C’est pourquoi il enrage devant cette pochade sans charme ni ticket, cette histoire mal introduite par un bourreau pas drôle, cet hybride qui au lieu de permettre aux différents genres de fusionner, ressort patchwork vilain, le cul entre les 3 stooges, les Hammer movies et Oliver Twist version naphtaline de Polanski. Jamais amusant, jamais sinistre, jamais subversif mais toujours vulgaire, le dosage si cher à Landis entre humour et horreur fait flop. Et ce n’est pas la magnifique photographie -qui paraît déplacée pour un film à l’ambition si faible- ni la bande son, un horrible écoulement de cornemuse et de violon dans la plus terrible tradition écossaise, qui sauvent Cadavres à la Pelle du naufrage.

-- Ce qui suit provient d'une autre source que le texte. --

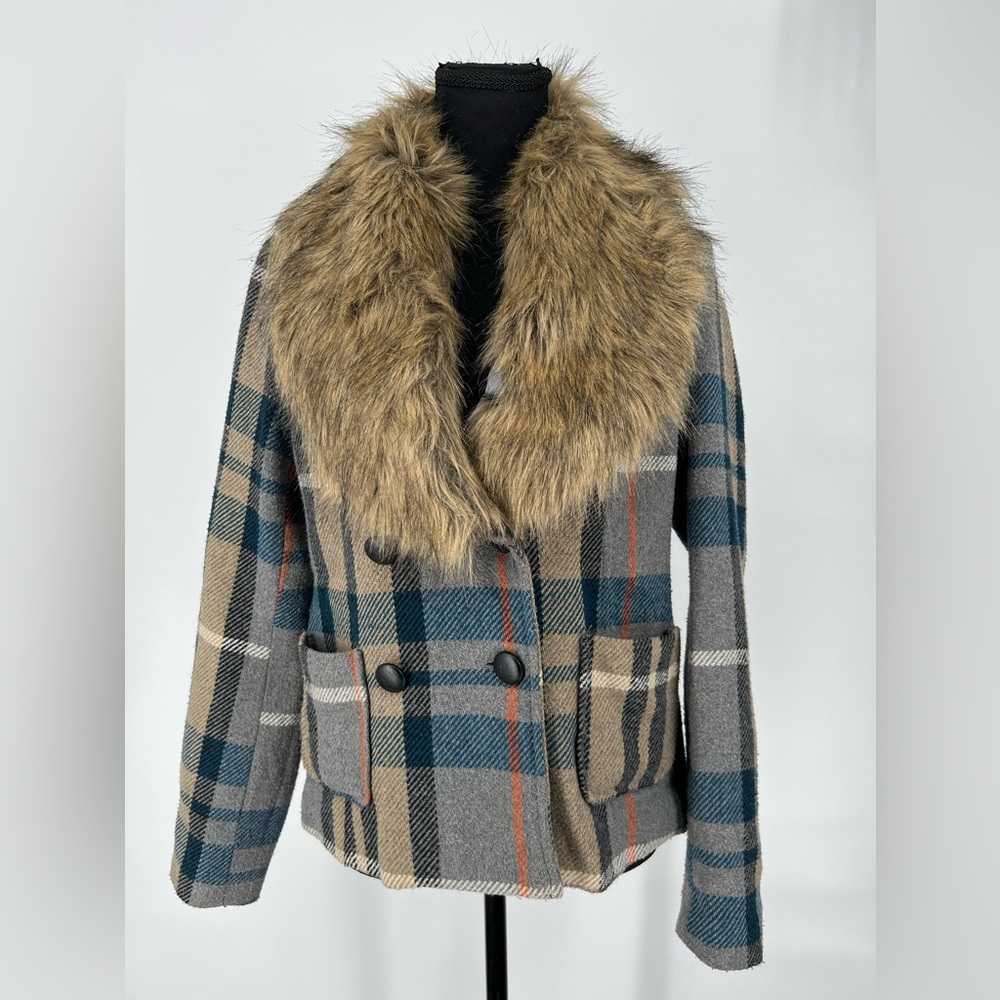 FOREVER 21 WOOL‎ POLYESTER BLEND PLAID JACKET W/ REMOVABLE FAUX FUR COLLAR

Une croisière Costa Concordia

En guise de canot de sauvetage, ne restait que le casting. Tenez, ouvrez grand Le monde pour découvrir que « le film est servi par une brochette de talents anglais toutes générations confondues ». C’est le point sur lequel la presse est la plus unanime. Quel casting ! Du haut vol ! Le gratin british ! Sauf que sur la pellicule, le gratin sent sérieusement le renfermé. Le caméo de Christopher Lee monté en épingle est insignifiant. Ronnie Corbett incarne le Capitaine Mc Lintock en mode Sergent Garcia. Isla Ficher passe complètement au travers. Le bateau coule et tous jouent leur partition comme s’il n‘y avait pas d‘autres passagers. Mais le pire reste le duo vedette. Alors là, la chute est lourde. Simon Pegg et Andy Serkis semblent bloqués en mode surjeu. Antipathiques, sans charisme aucun, ils essaient de compenser leurs handicaps par une divagation gesticulatoire grotesque. Leurs trognes bizarres, au lieu de coller au film, incommode physiquement. Jamais amusant, jamais touchant, et surtout jamais attachant, ils symbolisent parfaitement le ratage de Landis, incapable de choisir entre le ricanement cynique, le sourire tendre et l‘horreur de situation. Pire, il force le trait pour sombrer dans la vulgarité mainstream la plus contemporaine, loin, bien loin des références qu’il souhaitait raviver.

En bref :
On imaginait John Landis en capitaine Stebing, sur le pont du Love Boat, prêt à accueillir ses spectateurs pour une aventure virevoltante et référentielle après plus de dix ans de silence cinématographique. On le retrouve décati aux commandes d’un Costa Concordia sur pellicule. Comme son homologue italien, le capitaine Francesco Schettino, ses manœuvres grossières mènent Cadavres à la pelle à échouer lamentablement sur les côtes du septième art. La faute à un équipage incompétent en mode roue libre, laissé à l’abandon par un capitaine tout à la fierté de pouvoir encore manœuvrer un film de cette envergure. Une grosse deception dans laquelle Simon Pegg et Andi Serkis font pire qu’Isaak et Gopher, en étant incapable de sombrer avec le sourire. Moche et sans âme : une grosse déception.